What is being asked: Your task is to print all of the data below exactly, with no pictures included.

== Data provided

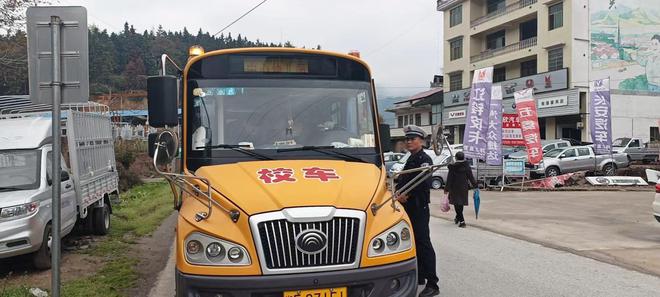 筑牢校車安全防線，確保校車安全運行 ——新邵坪上鎮聯合執法校車安全檢查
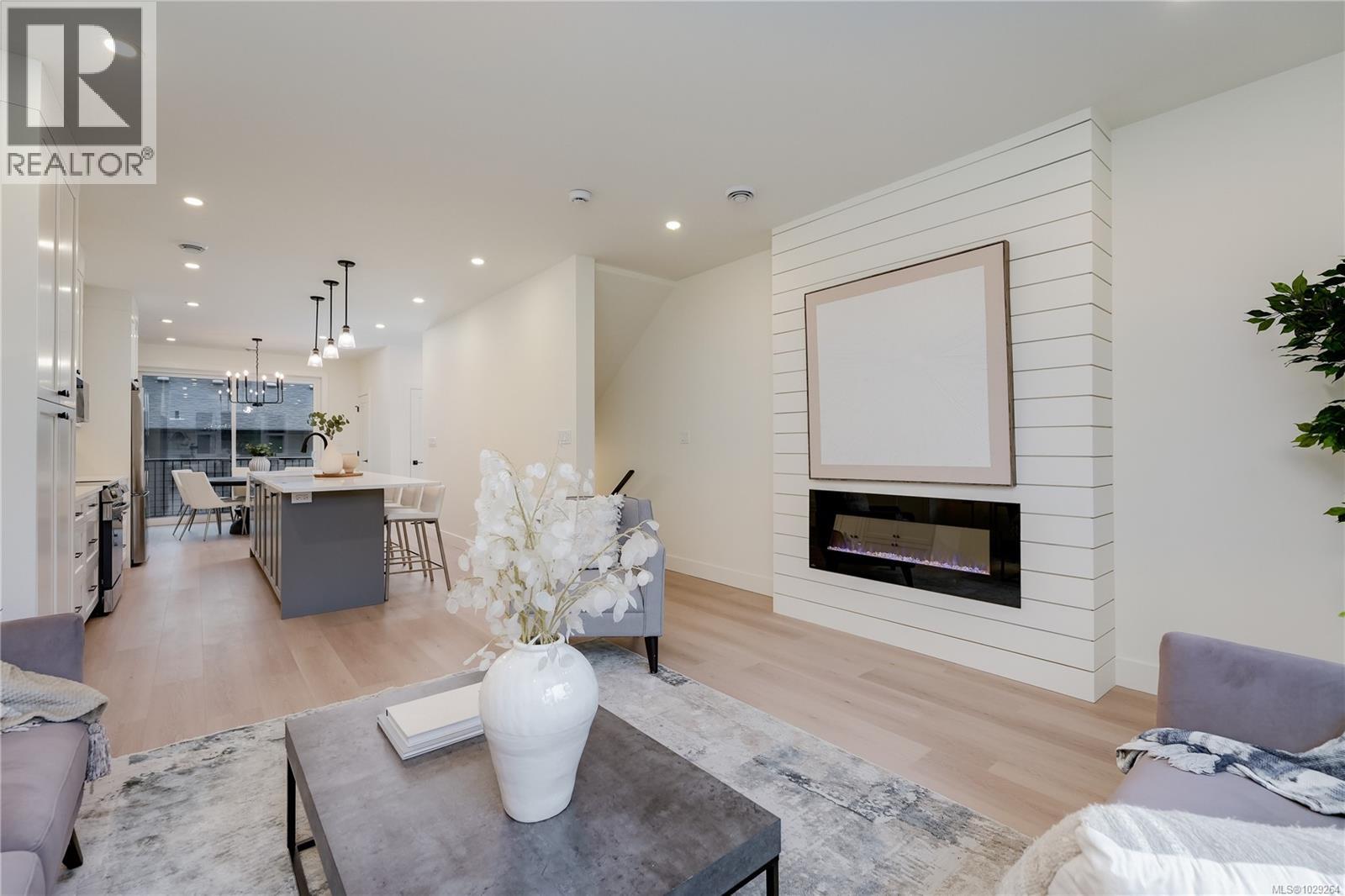 105 960 Jenkins Ave, Langford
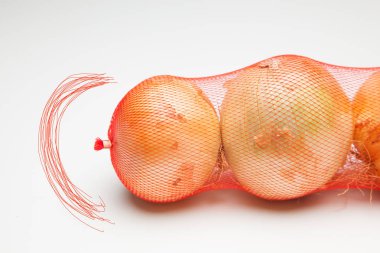 Soğan, mutfakta önemli bir çeşni, lezzet ve doku hem de birçok özelliği ile.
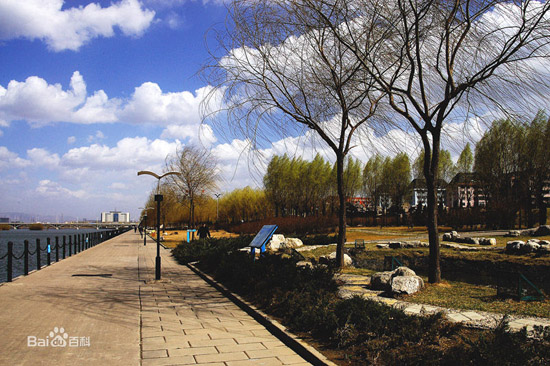 Fenhe Park, one of the 'top 10 attractions in Taiyuan, China' by China.org.cn.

====

Written reply:
 筑牢校車安全防線，確保校車安全運行 ——新邵坪上鎮聯合執法校車安全檢查
 105 960 Jenkins Ave, Langford
 Soğan, mutfakta önemli bir çeşni, lezzet ve doku hem de birçok özelliği ile.
 Fenhe Park, one of the 'top 10 attractions in Taiyuan, China' by China.org.cn.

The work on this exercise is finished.